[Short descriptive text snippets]
+ + + +
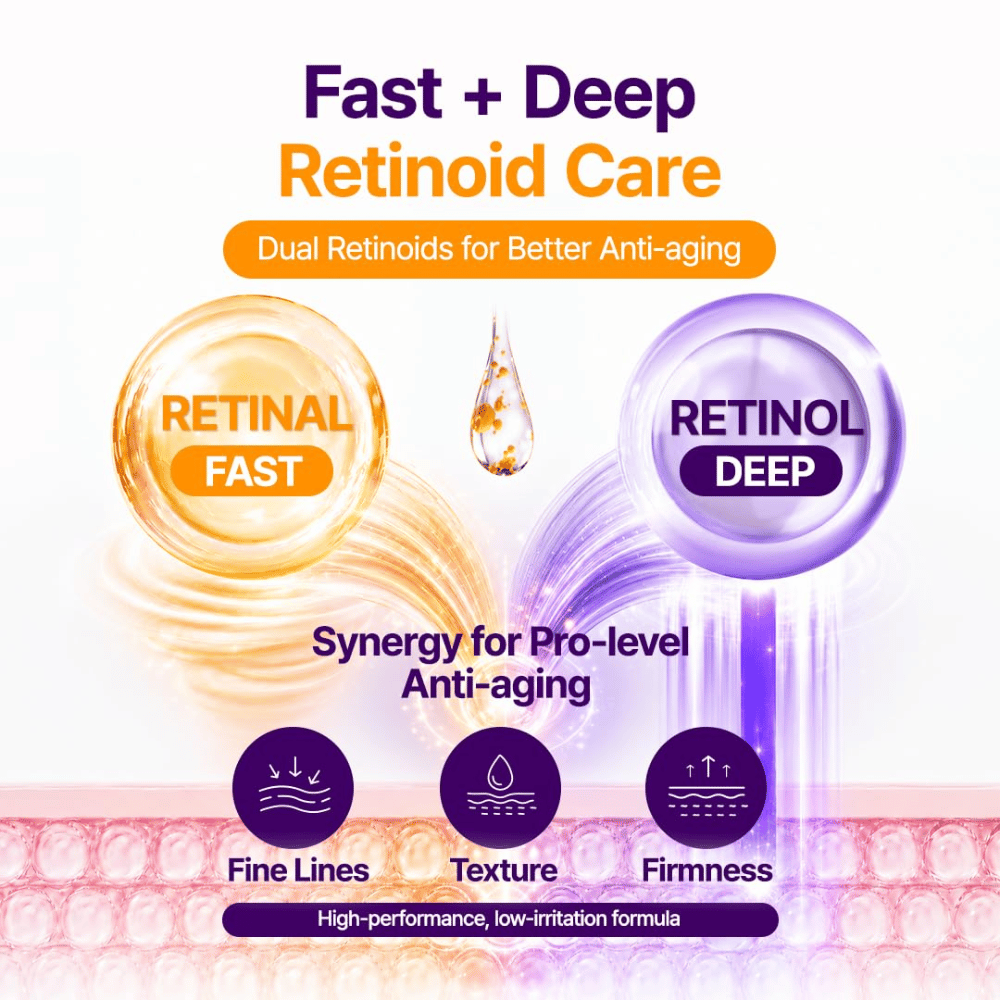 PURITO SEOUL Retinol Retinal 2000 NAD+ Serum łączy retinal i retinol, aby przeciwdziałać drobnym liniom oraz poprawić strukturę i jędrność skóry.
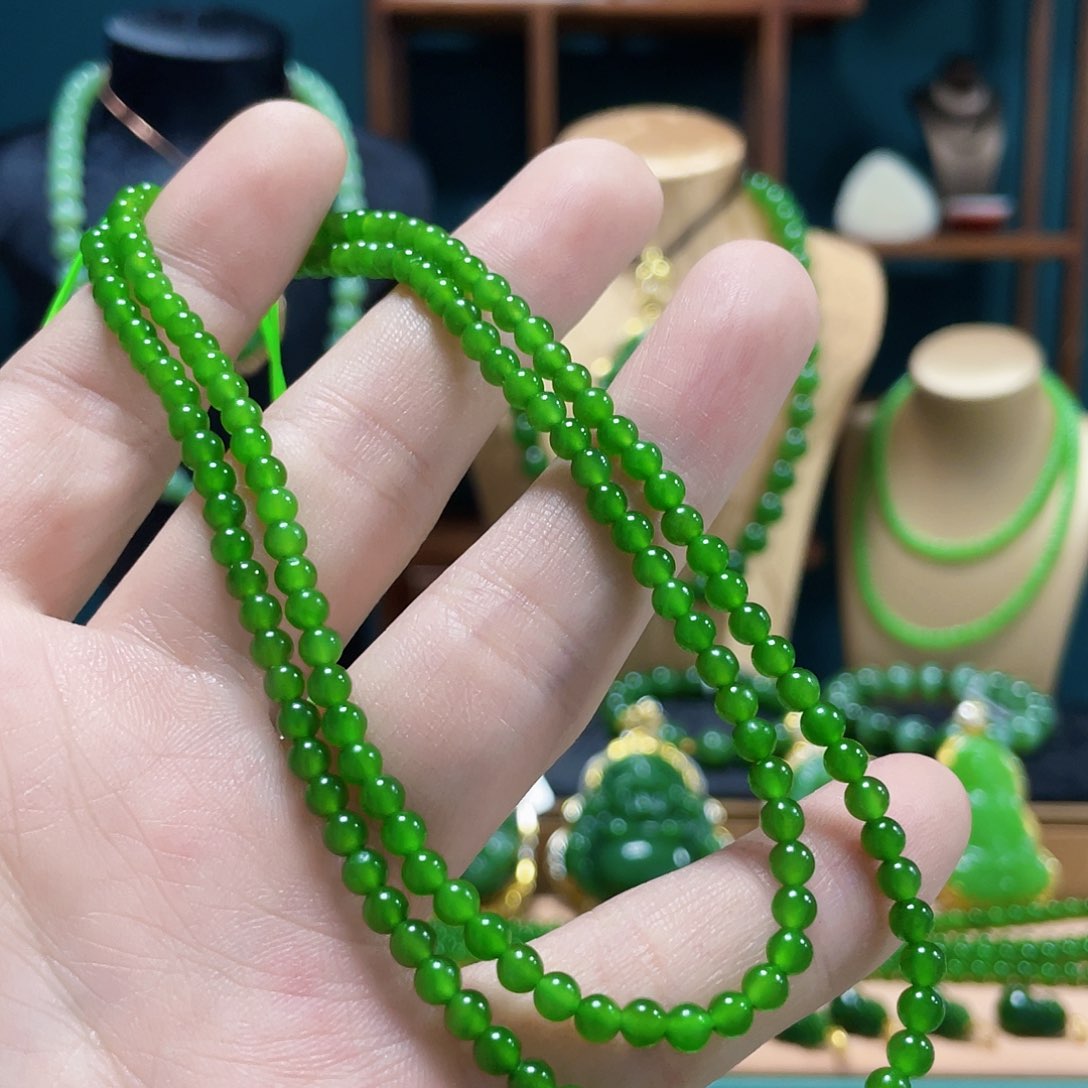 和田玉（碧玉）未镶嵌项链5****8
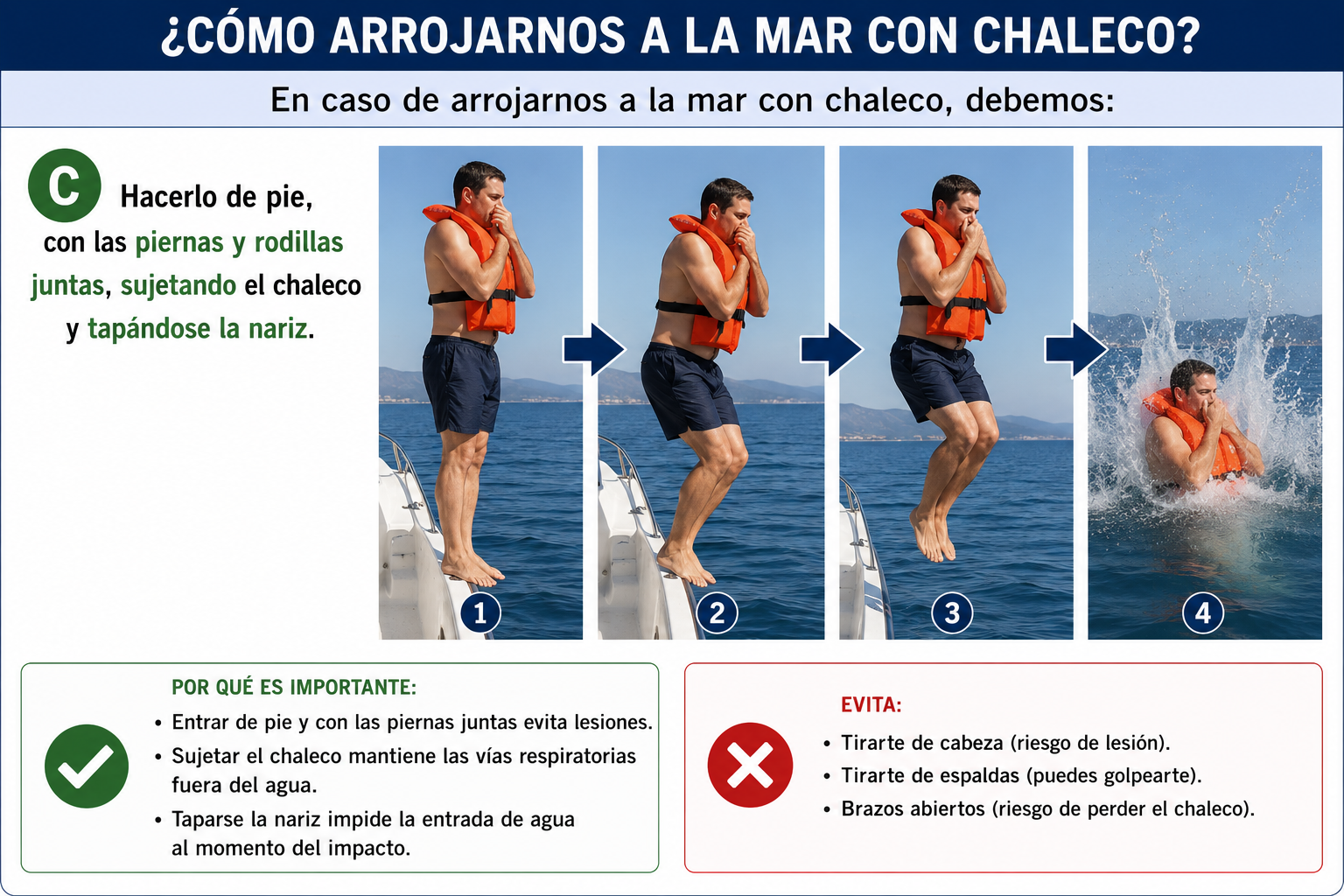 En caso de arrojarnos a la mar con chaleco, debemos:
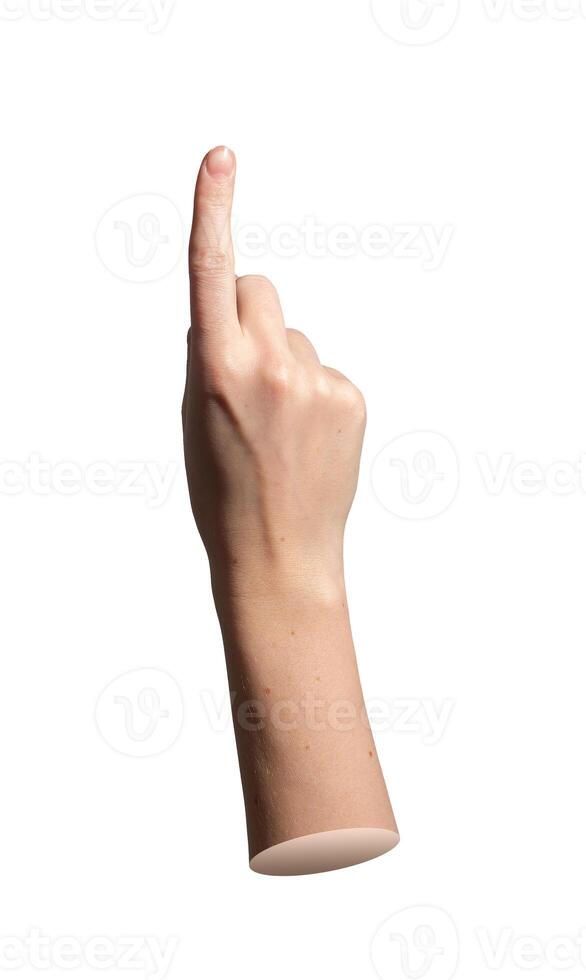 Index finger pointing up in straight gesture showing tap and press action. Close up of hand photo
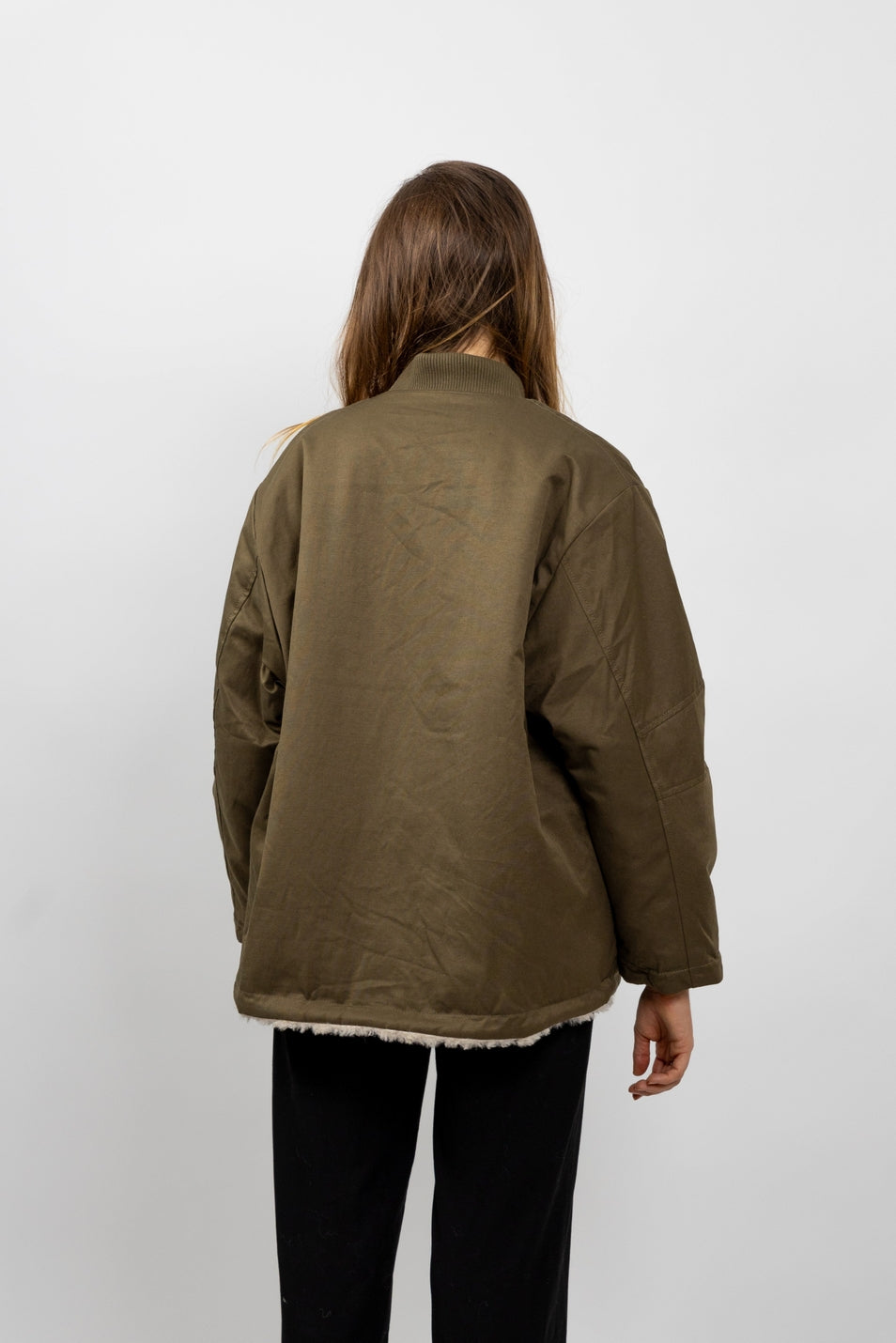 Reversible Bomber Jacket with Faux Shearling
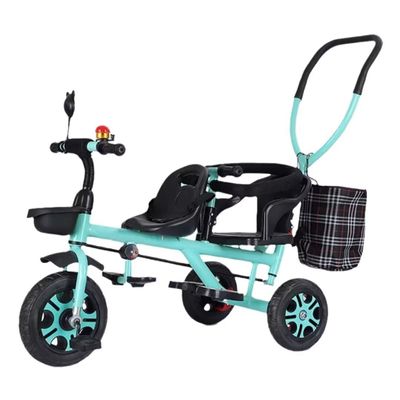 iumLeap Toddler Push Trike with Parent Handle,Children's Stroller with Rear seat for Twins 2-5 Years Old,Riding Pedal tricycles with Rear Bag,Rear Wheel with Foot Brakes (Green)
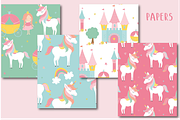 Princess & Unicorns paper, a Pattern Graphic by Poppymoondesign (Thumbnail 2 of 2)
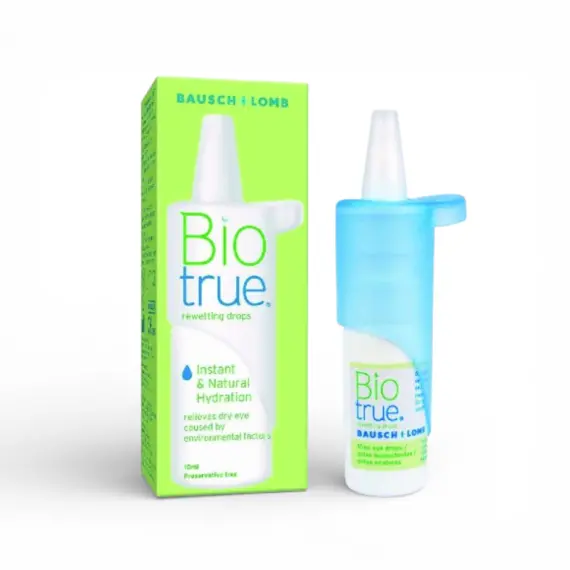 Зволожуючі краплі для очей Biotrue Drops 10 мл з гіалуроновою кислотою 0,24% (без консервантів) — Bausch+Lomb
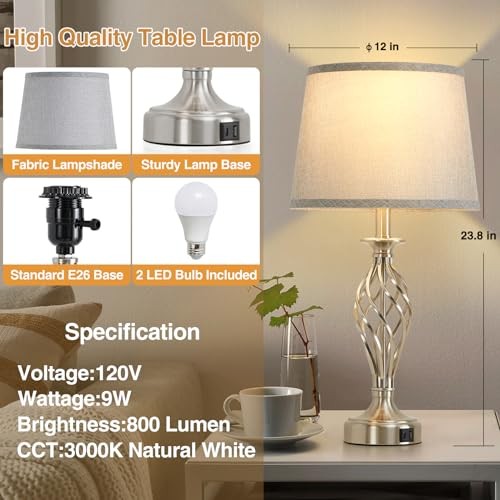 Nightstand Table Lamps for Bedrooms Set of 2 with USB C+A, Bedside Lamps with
+ + + +
**WHAT IS REQUIRED**
Please return the lines above exactly, with the pictures omitted.

**RESPONSE TO THIS EXERCISE**
 PURITO SEOUL Retinol Retinal 2000 NAD+ Serum łączy retinal i retinol, aby przeciwdziałać drobnym liniom oraz poprawić strukturę i jędrność skóry.
 和田玉（碧玉）未镶嵌项链5****8
 En caso de arrojarnos a la mar con chaleco, debemos:
 Index finger pointing up in straight gesture showing tap and press action. Close up of hand photo
 Reversible Bomber Jacket with Faux Shearling
 iumLeap Toddler Push Trike with Parent Handle,Children's Stroller with Rear seat for Twins 2-5 Years Old,Riding Pedal tricycles with Rear Bag,Rear Wheel with Foot Brakes (Green)
 Princess & Unicorns paper, a Pattern Graphic by Poppymoondesign (Thumbnail 2 of 2)
 Зволожуючі краплі для очей Biotrue Drops 10 мл з гіалуроновою кислотою 0,24% (без консервантів) — Bausch+Lomb
 Nightstand Table Lamps for Bedrooms Set of 2 with USB C+A, Bedside Lamps with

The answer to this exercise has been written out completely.